His most famous mural is a portrait of the Notorious B.I.G., “King of NY”, which was painted in 2015 by Naoufal “Rocko” Alaoui and Scott “Zimer” Zimmerman, in Bed Stuy.
According to widewalls.com, Blade is a famed New York-based street artist and a proud owner of the title “King of Graffiti” since he painted over five thousand trains with his iconic style of characters. Blade began writing on the trains in NYC in 1972 and is credited with developing several classic graffiti styles, such as overlapping 3D letters and Blockbuster Letters.
Now, you can see his work in galleries around the world in various mediums including spray paint, markers, and acrylic on canvas.
Born in Brazil, Alexandre Keto spent most of his youth in Baltimore before taking his talent to New York City. He is a self-proclaimed visual artist, muralist, and social activist whose work can be seen throughout the streets of New York and Baltimore.
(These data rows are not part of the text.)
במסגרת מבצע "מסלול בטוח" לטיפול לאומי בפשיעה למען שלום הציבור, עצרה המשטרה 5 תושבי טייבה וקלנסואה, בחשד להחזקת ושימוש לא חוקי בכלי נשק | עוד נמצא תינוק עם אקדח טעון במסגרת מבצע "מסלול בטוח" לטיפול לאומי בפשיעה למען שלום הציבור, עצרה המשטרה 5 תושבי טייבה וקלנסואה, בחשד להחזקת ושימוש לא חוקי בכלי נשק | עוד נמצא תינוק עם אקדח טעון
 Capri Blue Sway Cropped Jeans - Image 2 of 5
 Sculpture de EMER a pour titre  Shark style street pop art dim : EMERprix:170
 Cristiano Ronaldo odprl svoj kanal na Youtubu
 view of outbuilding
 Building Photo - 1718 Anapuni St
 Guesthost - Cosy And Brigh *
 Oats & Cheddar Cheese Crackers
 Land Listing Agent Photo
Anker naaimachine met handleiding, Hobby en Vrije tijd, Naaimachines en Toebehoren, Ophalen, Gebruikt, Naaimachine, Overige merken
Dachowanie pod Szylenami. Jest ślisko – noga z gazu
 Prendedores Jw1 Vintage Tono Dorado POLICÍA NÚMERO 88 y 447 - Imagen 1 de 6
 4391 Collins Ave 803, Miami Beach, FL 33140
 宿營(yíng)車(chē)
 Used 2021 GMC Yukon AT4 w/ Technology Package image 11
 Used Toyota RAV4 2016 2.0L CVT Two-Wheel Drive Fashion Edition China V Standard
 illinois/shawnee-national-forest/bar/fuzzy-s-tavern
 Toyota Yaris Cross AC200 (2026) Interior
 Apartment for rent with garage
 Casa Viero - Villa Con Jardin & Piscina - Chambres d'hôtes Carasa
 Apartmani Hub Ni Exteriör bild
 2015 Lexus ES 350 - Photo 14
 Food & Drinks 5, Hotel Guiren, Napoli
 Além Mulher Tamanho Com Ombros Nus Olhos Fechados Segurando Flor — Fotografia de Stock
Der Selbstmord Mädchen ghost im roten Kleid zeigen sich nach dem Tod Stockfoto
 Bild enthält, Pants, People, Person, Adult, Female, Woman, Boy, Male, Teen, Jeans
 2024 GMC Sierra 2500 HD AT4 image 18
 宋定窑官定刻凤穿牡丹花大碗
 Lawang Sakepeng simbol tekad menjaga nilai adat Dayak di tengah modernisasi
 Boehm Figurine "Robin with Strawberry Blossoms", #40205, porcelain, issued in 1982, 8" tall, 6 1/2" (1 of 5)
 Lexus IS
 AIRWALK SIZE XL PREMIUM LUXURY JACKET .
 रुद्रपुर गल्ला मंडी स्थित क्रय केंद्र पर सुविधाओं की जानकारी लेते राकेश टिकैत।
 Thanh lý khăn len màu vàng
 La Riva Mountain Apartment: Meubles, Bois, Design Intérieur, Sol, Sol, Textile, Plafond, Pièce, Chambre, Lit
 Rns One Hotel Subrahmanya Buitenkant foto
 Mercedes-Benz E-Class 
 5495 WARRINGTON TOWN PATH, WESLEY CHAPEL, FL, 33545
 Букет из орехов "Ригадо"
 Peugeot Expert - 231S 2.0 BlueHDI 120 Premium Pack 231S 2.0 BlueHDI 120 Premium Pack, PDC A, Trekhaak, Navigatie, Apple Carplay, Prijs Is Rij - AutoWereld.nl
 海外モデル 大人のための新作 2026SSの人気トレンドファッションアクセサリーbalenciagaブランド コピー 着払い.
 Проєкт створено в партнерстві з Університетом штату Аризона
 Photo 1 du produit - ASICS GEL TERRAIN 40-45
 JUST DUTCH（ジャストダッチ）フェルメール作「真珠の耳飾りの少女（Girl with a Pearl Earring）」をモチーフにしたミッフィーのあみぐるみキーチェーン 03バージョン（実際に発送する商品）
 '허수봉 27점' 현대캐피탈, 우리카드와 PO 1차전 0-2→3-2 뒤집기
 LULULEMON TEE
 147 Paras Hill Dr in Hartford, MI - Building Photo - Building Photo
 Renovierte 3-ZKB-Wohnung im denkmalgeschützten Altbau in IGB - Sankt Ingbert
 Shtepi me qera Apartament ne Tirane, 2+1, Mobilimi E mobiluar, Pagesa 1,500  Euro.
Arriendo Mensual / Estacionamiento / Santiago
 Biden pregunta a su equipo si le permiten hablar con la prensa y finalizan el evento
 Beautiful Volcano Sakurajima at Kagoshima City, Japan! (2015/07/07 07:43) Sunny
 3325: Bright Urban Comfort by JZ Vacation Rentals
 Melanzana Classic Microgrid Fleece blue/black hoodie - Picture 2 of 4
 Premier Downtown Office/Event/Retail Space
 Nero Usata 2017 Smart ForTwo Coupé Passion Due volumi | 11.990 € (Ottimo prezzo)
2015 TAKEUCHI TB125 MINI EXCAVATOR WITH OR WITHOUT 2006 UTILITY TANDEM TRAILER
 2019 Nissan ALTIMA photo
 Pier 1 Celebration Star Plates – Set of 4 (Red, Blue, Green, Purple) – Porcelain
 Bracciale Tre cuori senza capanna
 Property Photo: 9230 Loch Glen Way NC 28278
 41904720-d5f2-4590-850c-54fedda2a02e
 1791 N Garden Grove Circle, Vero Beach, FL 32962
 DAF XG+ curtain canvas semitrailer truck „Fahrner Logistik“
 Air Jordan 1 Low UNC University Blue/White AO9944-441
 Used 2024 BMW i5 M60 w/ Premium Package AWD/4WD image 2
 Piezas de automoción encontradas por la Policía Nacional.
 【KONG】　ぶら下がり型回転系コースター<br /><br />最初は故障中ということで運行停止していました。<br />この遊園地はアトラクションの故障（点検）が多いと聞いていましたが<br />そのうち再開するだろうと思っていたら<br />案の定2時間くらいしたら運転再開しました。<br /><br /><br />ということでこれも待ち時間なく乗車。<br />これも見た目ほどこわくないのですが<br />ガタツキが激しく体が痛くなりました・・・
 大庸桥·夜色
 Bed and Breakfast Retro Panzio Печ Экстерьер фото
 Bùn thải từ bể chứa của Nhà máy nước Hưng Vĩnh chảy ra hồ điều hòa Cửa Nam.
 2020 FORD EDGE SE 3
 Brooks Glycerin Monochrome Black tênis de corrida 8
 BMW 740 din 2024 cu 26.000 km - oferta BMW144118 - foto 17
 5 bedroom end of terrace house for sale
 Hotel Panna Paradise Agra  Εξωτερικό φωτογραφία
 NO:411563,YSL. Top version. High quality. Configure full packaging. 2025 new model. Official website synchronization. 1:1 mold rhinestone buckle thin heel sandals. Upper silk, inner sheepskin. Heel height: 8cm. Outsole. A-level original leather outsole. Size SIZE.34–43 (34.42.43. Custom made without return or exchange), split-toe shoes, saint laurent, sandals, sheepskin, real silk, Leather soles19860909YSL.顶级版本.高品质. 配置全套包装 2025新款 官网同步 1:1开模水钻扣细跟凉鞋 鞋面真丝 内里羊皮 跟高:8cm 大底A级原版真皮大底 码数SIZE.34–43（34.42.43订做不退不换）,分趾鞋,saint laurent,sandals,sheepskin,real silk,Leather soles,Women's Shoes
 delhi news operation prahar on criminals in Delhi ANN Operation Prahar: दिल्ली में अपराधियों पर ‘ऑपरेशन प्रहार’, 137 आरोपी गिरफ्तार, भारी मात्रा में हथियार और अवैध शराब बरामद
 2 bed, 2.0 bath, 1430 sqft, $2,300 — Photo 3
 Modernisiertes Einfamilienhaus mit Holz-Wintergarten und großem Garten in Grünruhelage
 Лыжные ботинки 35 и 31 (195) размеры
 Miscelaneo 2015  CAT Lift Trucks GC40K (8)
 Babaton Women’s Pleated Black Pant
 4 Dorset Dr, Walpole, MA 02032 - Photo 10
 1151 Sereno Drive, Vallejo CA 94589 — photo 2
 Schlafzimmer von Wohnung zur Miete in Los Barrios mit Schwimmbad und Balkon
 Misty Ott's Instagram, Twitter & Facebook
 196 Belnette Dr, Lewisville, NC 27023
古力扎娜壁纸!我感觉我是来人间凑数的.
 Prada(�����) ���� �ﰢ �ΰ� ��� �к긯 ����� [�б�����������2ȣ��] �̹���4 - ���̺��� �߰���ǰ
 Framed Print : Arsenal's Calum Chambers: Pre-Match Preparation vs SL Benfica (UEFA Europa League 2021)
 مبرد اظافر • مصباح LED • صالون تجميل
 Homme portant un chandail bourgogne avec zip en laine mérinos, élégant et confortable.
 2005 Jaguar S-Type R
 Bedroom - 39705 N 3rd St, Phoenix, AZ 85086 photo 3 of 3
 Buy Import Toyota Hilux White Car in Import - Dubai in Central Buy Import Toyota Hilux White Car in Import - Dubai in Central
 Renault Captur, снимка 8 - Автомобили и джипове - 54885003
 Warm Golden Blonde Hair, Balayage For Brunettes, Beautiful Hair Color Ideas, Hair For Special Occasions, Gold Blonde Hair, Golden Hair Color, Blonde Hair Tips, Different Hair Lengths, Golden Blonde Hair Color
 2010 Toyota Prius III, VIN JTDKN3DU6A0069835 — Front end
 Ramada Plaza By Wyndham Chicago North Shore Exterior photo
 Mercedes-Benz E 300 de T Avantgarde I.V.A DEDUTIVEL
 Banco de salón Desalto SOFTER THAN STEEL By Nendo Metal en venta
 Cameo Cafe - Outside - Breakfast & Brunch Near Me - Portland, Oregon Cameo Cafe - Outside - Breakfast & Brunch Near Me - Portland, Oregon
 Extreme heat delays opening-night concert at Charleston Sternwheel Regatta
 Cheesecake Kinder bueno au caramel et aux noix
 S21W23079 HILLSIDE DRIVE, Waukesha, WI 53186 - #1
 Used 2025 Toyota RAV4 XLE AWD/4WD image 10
His mural, “Mother and Child”, can be viewed in Long Island City, Queens and is a stylized mural drawing attention to race and class issues. It depicts a selfless mother strapping a baby on her back while picking up food.
Chris Daze Ellis was born in 1962 in New York City. He began his career painting New York City subway cars in 1976 while attending The High School of Art and Design and has become one of the few street artists to take his work from subways to galleries. Daze still lives and works in NYC where you can see his work throughout the streets of Baton Rouge, the Bronx, LA, and many other cities around the country.